# BAM store needs support for .csi indexes #926

Closed
opened this Issue Sep 12, 2017 · 10 comments

Projects
None yet
7 participants
Contributor

### keiranmraine commented Sep 12, 2017

 I'm pretty sure that it doesn't but it's worth being aware that *.csi indexes will replace *.bai eventually, even for*.bam files. samtools/hts-specs#240 (comment) I'm not aware of any progress on migration htslib based parsing of bam/cram.

Closed

### sagnikbanerjee15 commented Jan 15, 2018

 Hello, I am working with Barley which have very large chromosomes. Could you please suggest a way in which I could visualize the alignments in JBrowse and still bypass the issue with indices. Thank you.

Closed

Contributor

### nathandunn commented Jan 29, 2018

 5.3 C source code for computing bin number and overlapping bins The following functions compute bin numbers and overlaps for a BAI-style binning scheme with 6 levels and a minimum bin size of 214 bp. See the CSI specification for generalisations of these functions designed for binning schemes with arbitrary depth and sizes. /* calculate bin given an alignment covering [beg,end) (zero-based, half-closed-half-open) */ int reg2bin(int beg, int end) { --end; if (beg>>14 == end>>14) return ((1<<15)-1)/7 + (beg>>14); if (beg>>17 == end>>17) return ((1<<12)-1)/7 + (beg>>17); if (beg>>20 == end>>20) return ((1<<9)-1)/7 + (beg>>20); if (beg>>23 == end>>23) return ((1<<6)-1)/7 + (beg>>23); if (beg>>26 == end>>26) return ((1<<3)-1)/7 + (beg>>26); return 0; } /* calculate the list of bins that may overlap with region [beg,end) (zero-based) */ #define MAX_BIN (((1<<18)-1)/7) int reg2bins(int beg, int end, uint16_t list[MAX_BIN]) { int i = 0, k; --end; list[i++] = 0; for (k = 1 + (beg>>26); k <= 1 + (end>>26); ++k) list[i++] = k; for (k = 9 + (beg>>23); k <= 9 + (end>>23); ++k) list[i++] = k; for (k = 73 + (beg>>20); k <= 73 + (end>>20); ++k) list[i++] = k; for (k = 585 + (beg>>17); k <= 585 + (end>>17); ++k) list[i++] = k; for (k = 4681 + (beg>>14); k <= 4681 + (end>>14); ++k) list[i++] = k; return i; }
Contributor Author

### keiranmraine commented Feb 15, 2018

 FYI, csi also applies to files that have traditionally used tabix indexing *.tbi: \$ tabix -h ... Indexing Options: ... -C, --csi generate CSI index for VCF (default is TBI)
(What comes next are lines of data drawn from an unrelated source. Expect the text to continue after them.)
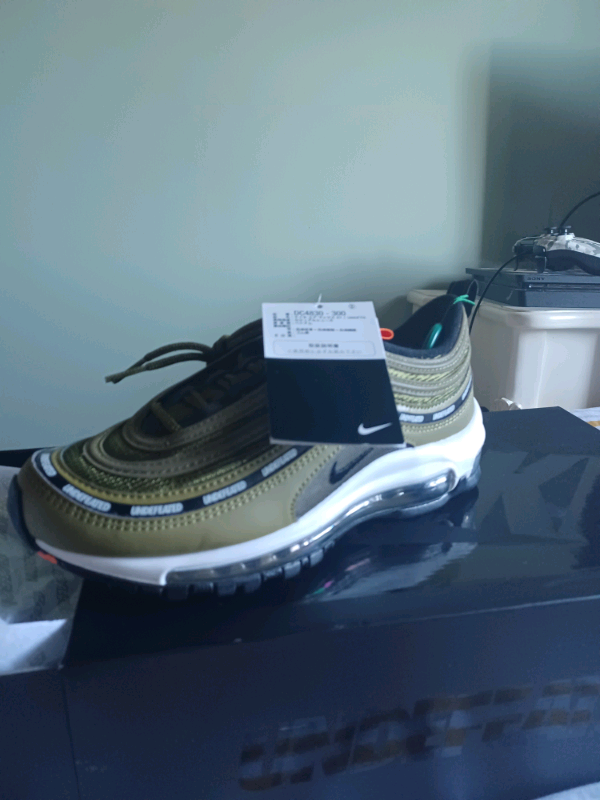 airmax 97 react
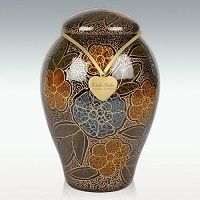 Lovely Bouquet Cremation Urn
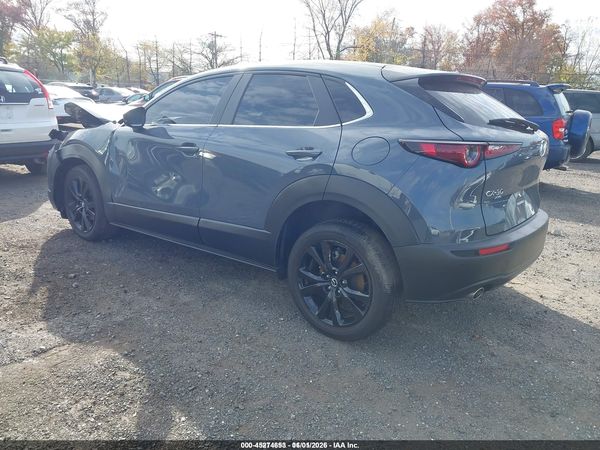 2024 MAZDA CX-30 2.5 S CARBON EDITION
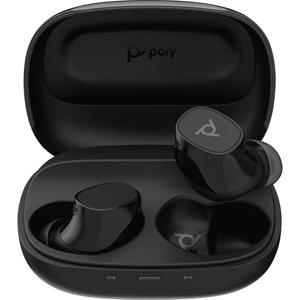 HP Poly Voyager Free 20 In Ear headset Mobiele telefoon Bluetooth Grijs Noise Cancelling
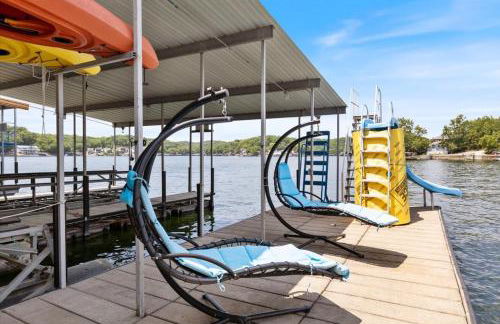 Lakefront Fishing Retreat with Trailer Parking Nearby - Foto 1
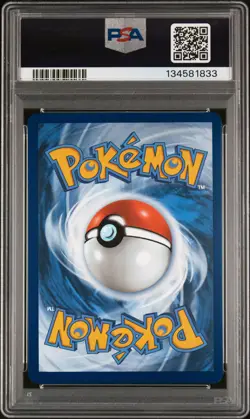 2025 POKEMON MEGA EVOLUTION POKEMON CENTER ETB PROMO #010 RIOLU PSA 10 - Image 2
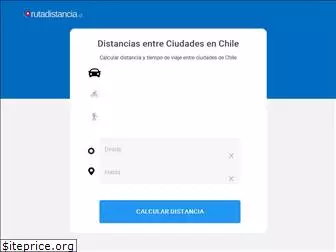 rutadistancia.cl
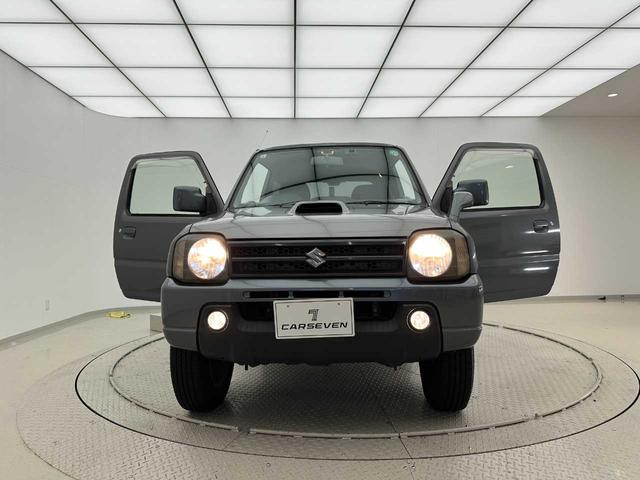 ジムニー ワイルドウインド　ＥＴＣ／シートヒーター／マニュアルエアコン／電格ミラー／社外ナビ／ＴＶ／Ｂｌｕｅｔｏｏｔｈ接続／ＣＤ　ＤＶＤ再生／４ＷＤ／５速ＭＴ／カーセブンＥＧＳ保証ライトプラン（１年間走行距離無制限）（56枚目）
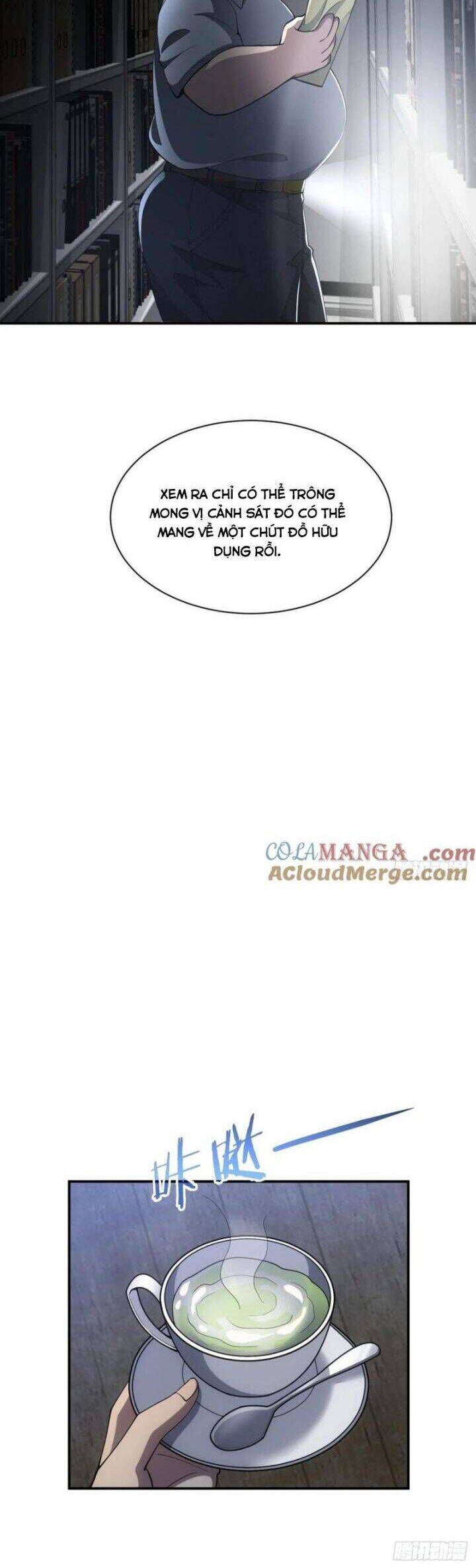 Trò Chơi Quỷ Dị: Ta Dựa Vào Vô Số Công Đức Khắc Thông Quan - Chapter 46 - Page 13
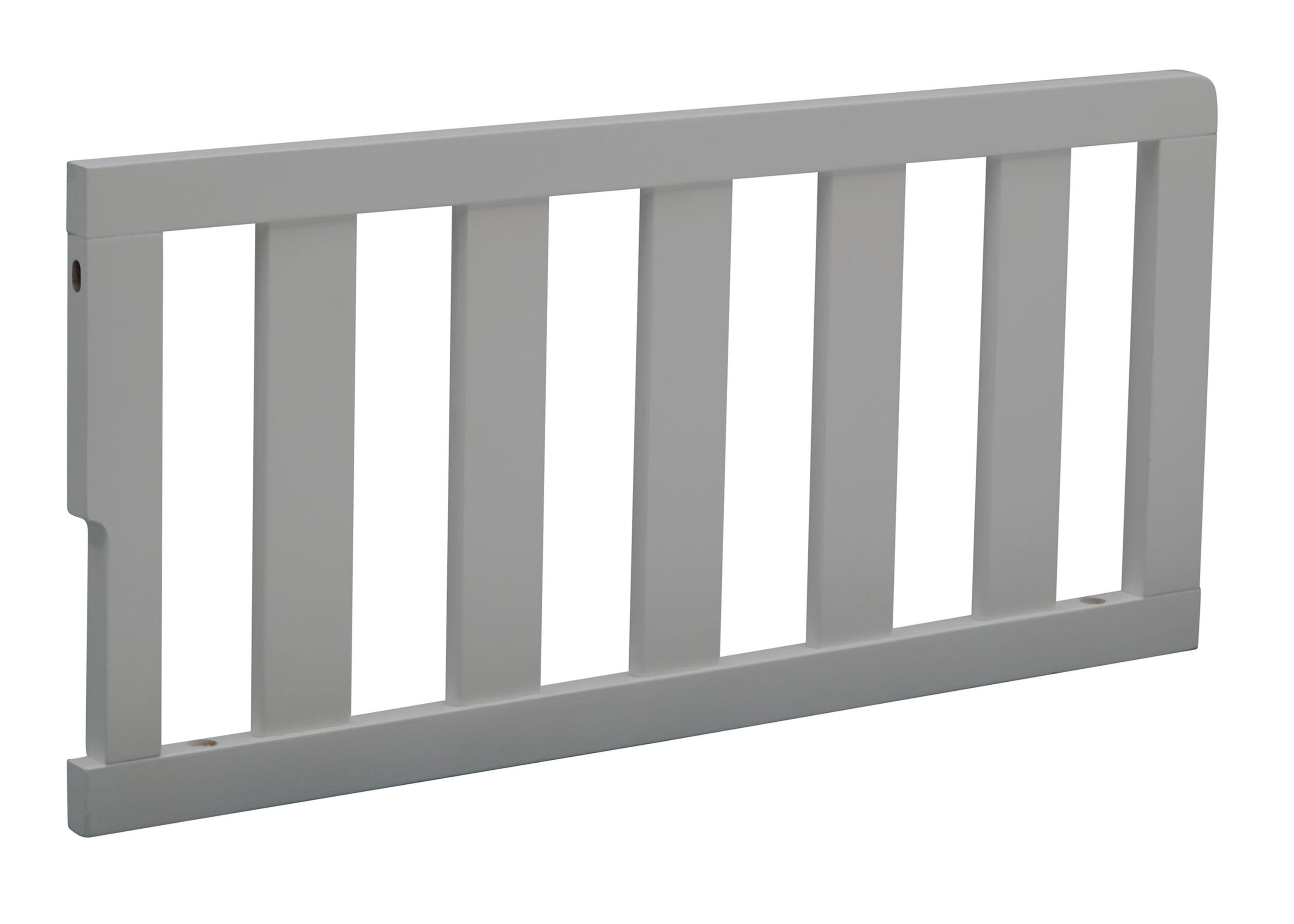 Daybed with Toddler Guardrail - Convertible Safety Rail for Kids & Twin Beds - Perfect for Daycare, Nursery & Guest Rooms (Model 536725)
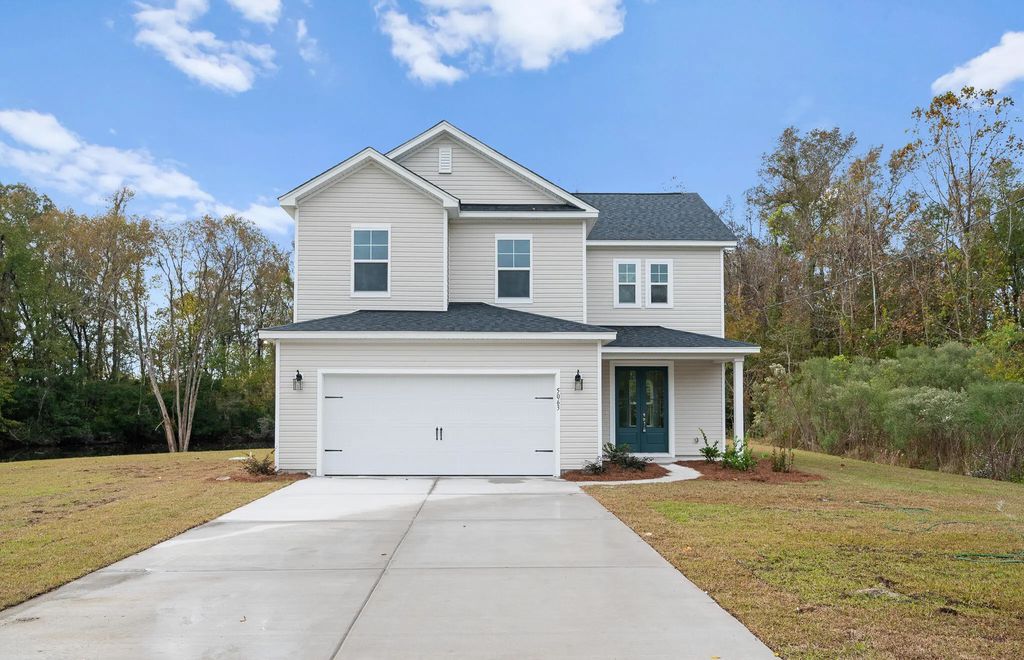 1098 Williams Road, Charleston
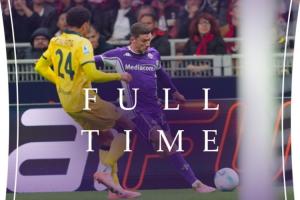 7輪0勝！佛羅倫薩掉入降級區(qū)，皮奧利意甲1勝難求4負(fù)強(qiáng)隊3平弱隊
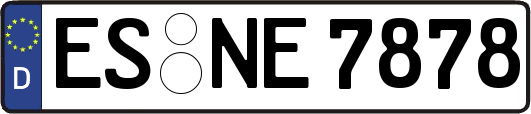 ES-NE7878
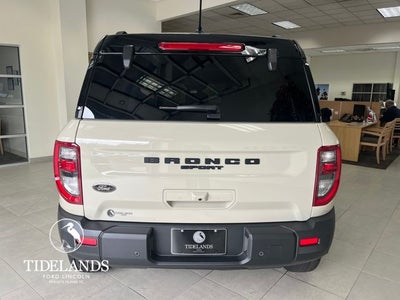 2025 Ford Bronco Sport Big Bend®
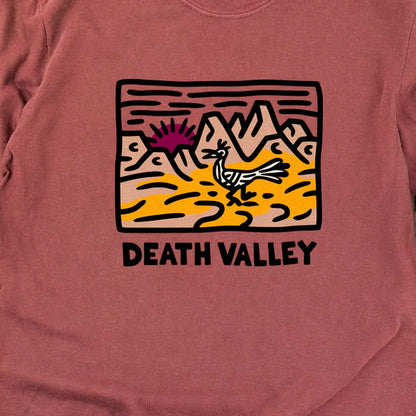 Death Valley Cotton Long Sleeve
### FredericBGA commented Apr 16, 2018

 Hello Large VCF files need also to be indexed using CSI index, so JBrowse cannot handle them right now.

Contributor

### cmdcolin commented Jun 23, 2018

 Began some basic csi (for vcf currently) parsing here https://github.com/GMOD/jbrowse/tree/csi_index
Contributor

### cmdcolin commented Jun 26, 2018 • edited

 Woo! tested and it displays data in super big coordinates that tabix tbi can't index (when chromosome over a gigabase in length)

Contributor

### cmdcolin commented Jul 2, 2018

 Got CSI working for BAM now also :) woo

Merged

Contributor

### nathanhaigh commented Jul 4, 2018

 Oh man...I almost wet myself with excitement! I want to test this out ASAP with wheat! :) 1 happy man at this prospect!
Contributor Author

### keiranmraine commented Jul 4, 2018 • edited

 ... do I dare say that they are currently discussing/adding *.sbi indexing: http://github.com/samtools/hts-specs/pull/321 (will help solve the "guessing" about chunks)
Contributor

### cmdcolin commented Jul 4, 2018

 Oh wow haha. Is that an official solution to "bam index index"?